- **Exercise instructions**: Below are records that contain pictures; transcribe the text exactly and omit the pictures.

(Captioned web image data)
=====

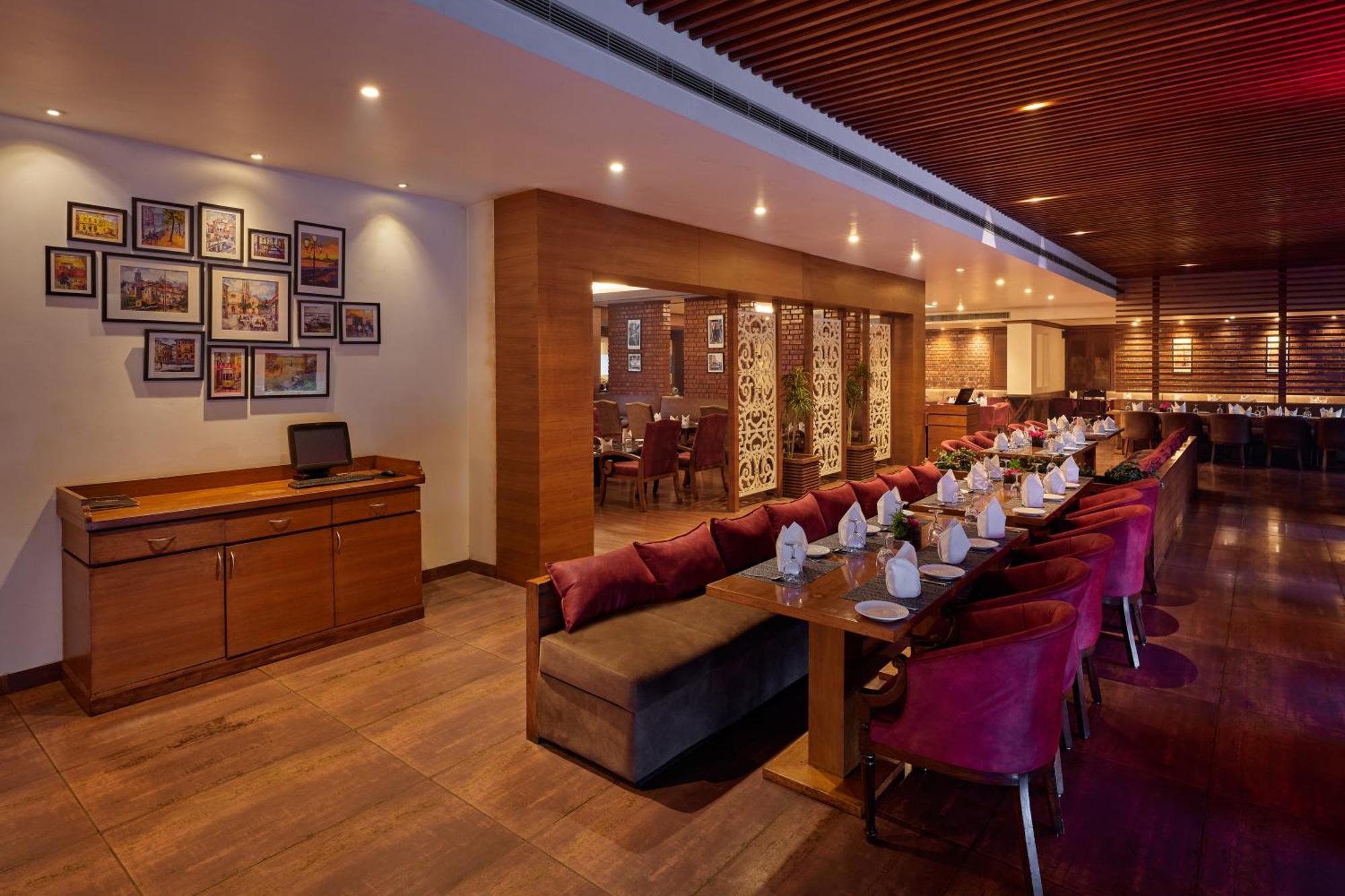 Best Western Country Woods Ambāla Екстериор снимка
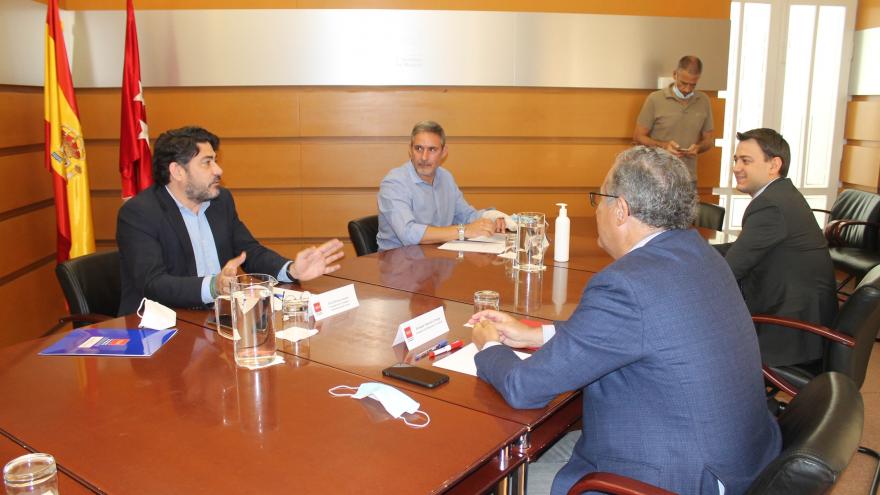 Enrique Ossorio y David Pérez durante la reunión en la que han abordado los retos de la juventud en el acceso a la vivienda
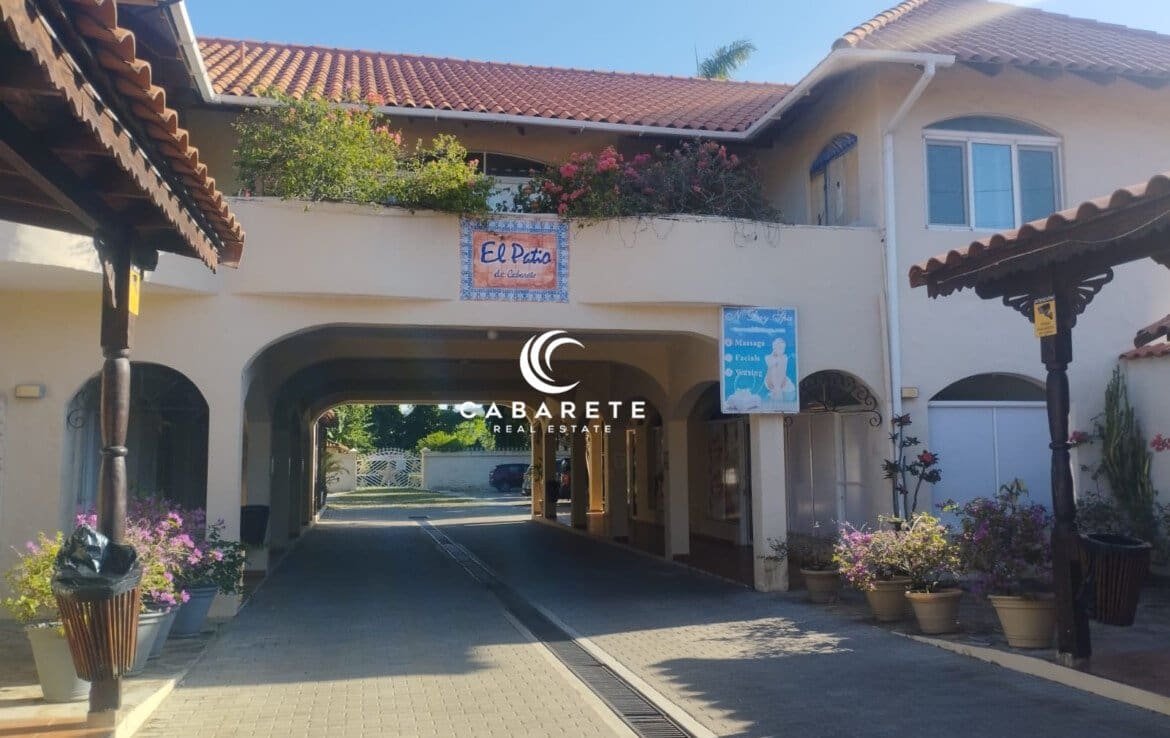 Turnkey commercial units for sale in Plaza El Patio Cabarete – prime business real estate opportunity.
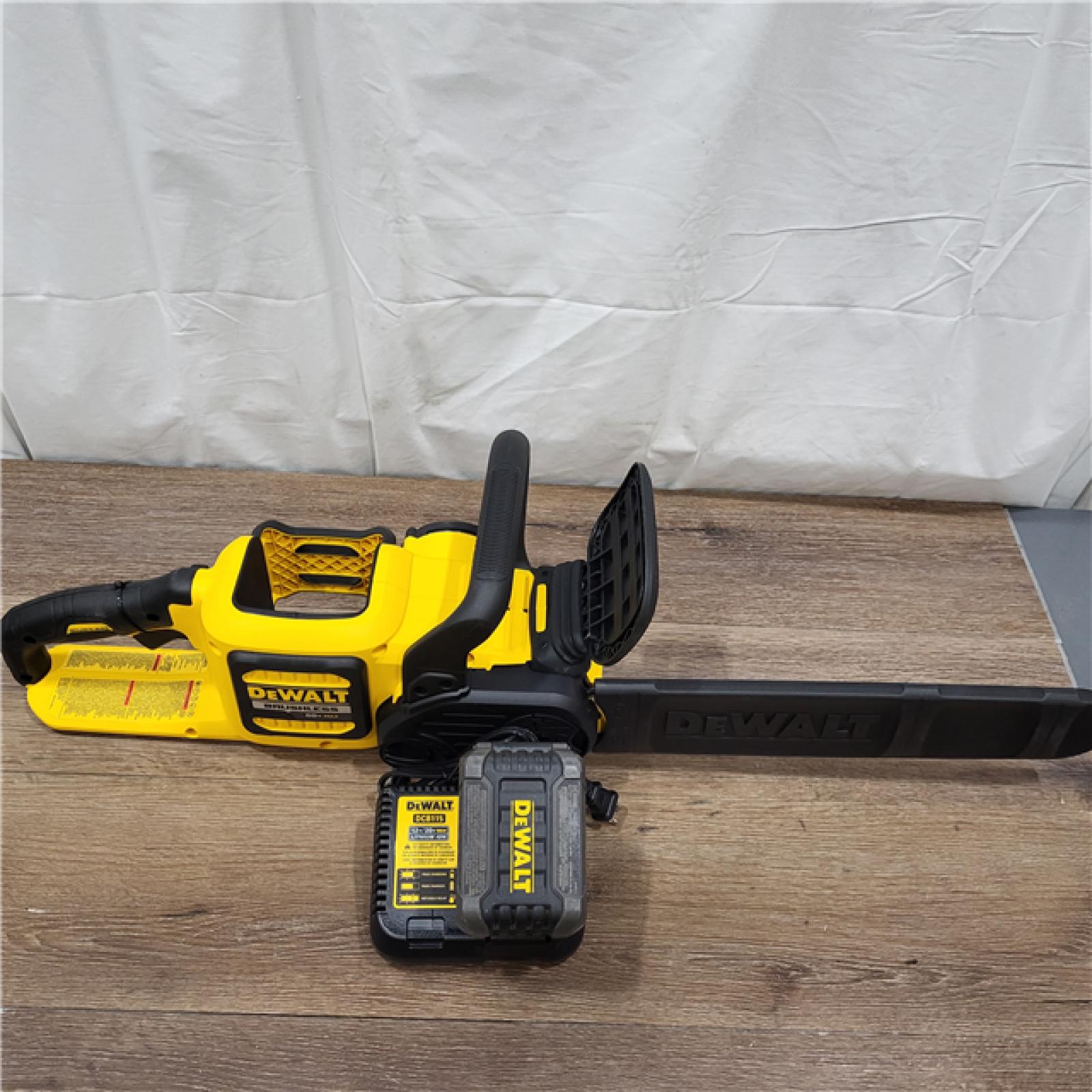 AS-IS DeWalt FLEXVOLT 60V MAX Lithium-Ion Brushless Cordless 16in. Chainsaw Kit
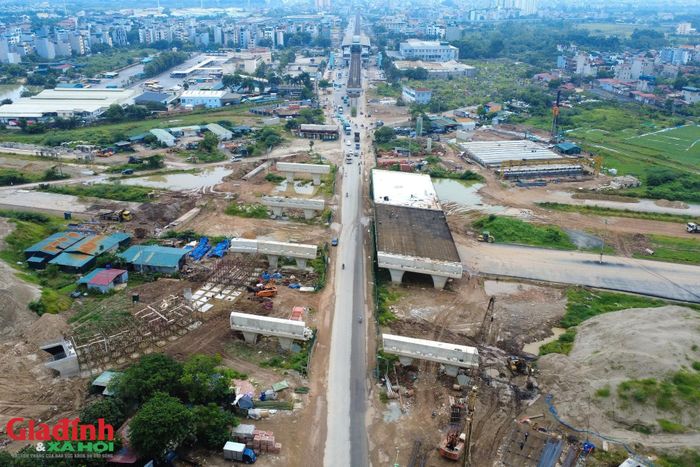 Khu vực Quốc lộ 6 giao với dự án đường Vành đai 4 cũng đang được thi công khẩn trương, công nhân tập trung thi công hạng mục cầu vượt trên tuyến.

=====

- **Reply to the task**:
 Best Western Country Woods Ambāla Екстериор снимка
 Enrique Ossorio y David Pérez durante la reunión en la que han abordado los retos de la juventud en el acceso a la vivienda
 Turnkey commercial units for sale in Plaza El Patio Cabarete – prime business real estate opportunity.
 AS-IS DeWalt FLEXVOLT 60V MAX Lithium-Ion Brushless Cordless 16in. Chainsaw Kit
 Khu vực Quốc lộ 6 giao với dự án đường Vành đai 4 cũng đang được thi công khẩn trương, công nhân tập trung thi công hạng mục cầu vượt trên tuyến.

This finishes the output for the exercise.